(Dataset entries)
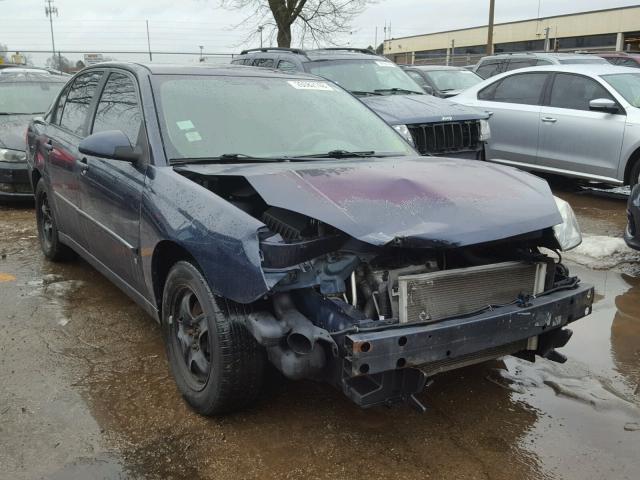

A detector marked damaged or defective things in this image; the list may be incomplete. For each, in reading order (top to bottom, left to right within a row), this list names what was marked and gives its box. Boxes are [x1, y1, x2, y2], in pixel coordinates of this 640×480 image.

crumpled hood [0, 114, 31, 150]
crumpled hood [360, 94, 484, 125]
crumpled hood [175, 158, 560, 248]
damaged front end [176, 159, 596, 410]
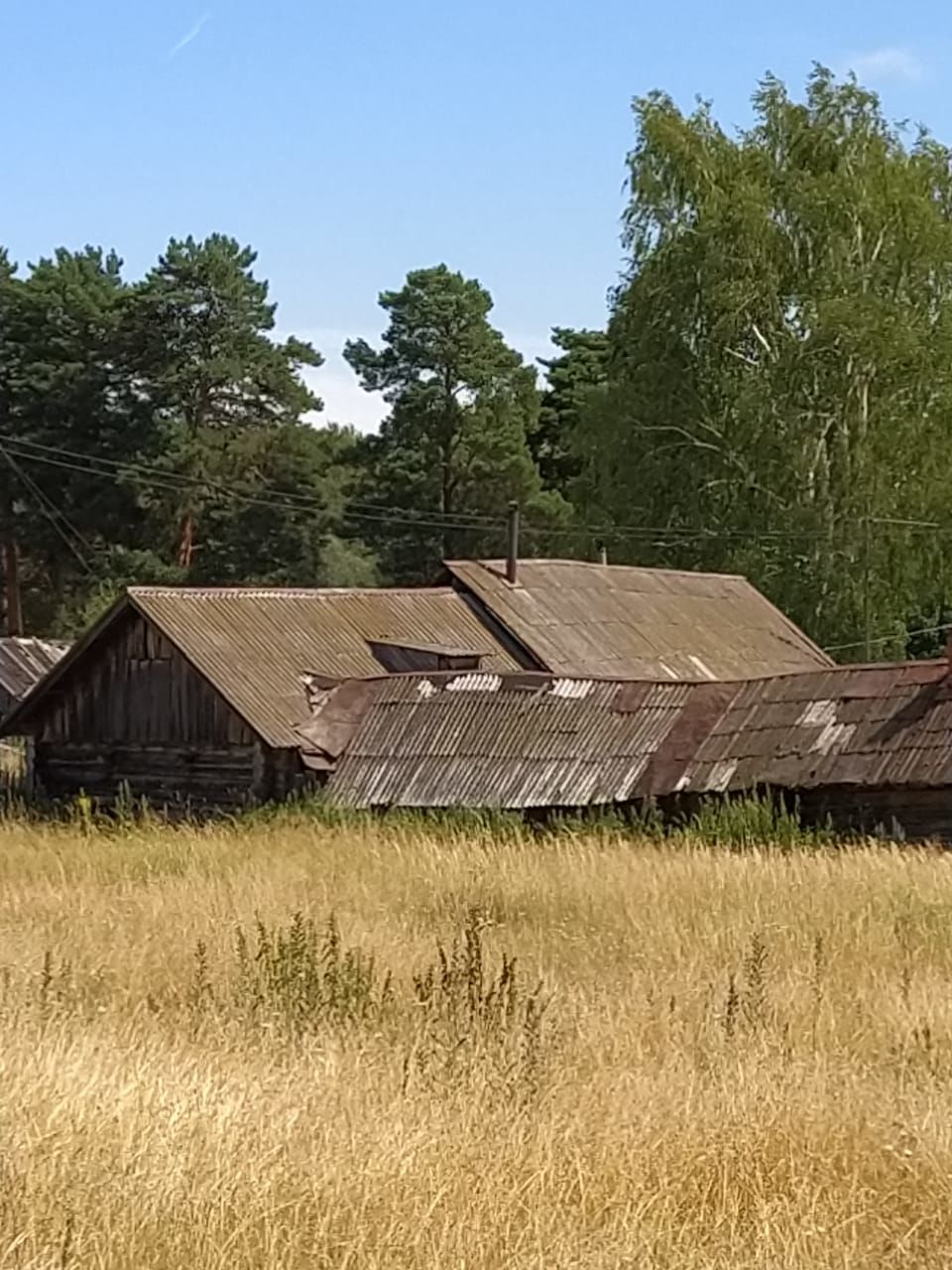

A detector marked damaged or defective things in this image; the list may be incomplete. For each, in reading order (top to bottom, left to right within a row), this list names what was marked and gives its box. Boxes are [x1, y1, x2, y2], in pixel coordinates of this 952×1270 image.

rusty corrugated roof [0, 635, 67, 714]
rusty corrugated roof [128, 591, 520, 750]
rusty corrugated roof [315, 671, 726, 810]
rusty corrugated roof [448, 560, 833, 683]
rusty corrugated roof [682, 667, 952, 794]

**Task objective**:
A faithful, word-for-word copy of the data is needed; the pictures should not appear in it.

**Answer for this exercise**:
A detector marked damaged or defective things in this image; the list may be incomplete. For each, in reading order (top to bottom, left to right within a row), this list names what was marked and gives its box. Boxes are [x1, y1, x2, y2], in pixel coordinates of this 640×480 image.

crumpled hood [0, 114, 31, 150]
crumpled hood [360, 94, 484, 125]
crumpled hood [175, 158, 560, 248]
damaged front end [176, 159, 596, 410]

A detector marked damaged or defective things in this image; the list may be incomplete. For each, in reading order (top to bottom, left to right within a row), this list names what was marked and gives its box. Boxes are [x1, y1, x2, y2], in pixel coordinates of this 952×1270 image.

rusty corrugated roof [0, 635, 67, 714]
rusty corrugated roof [128, 591, 520, 750]
rusty corrugated roof [315, 671, 726, 810]
rusty corrugated roof [448, 560, 833, 683]
rusty corrugated roof [682, 667, 952, 794]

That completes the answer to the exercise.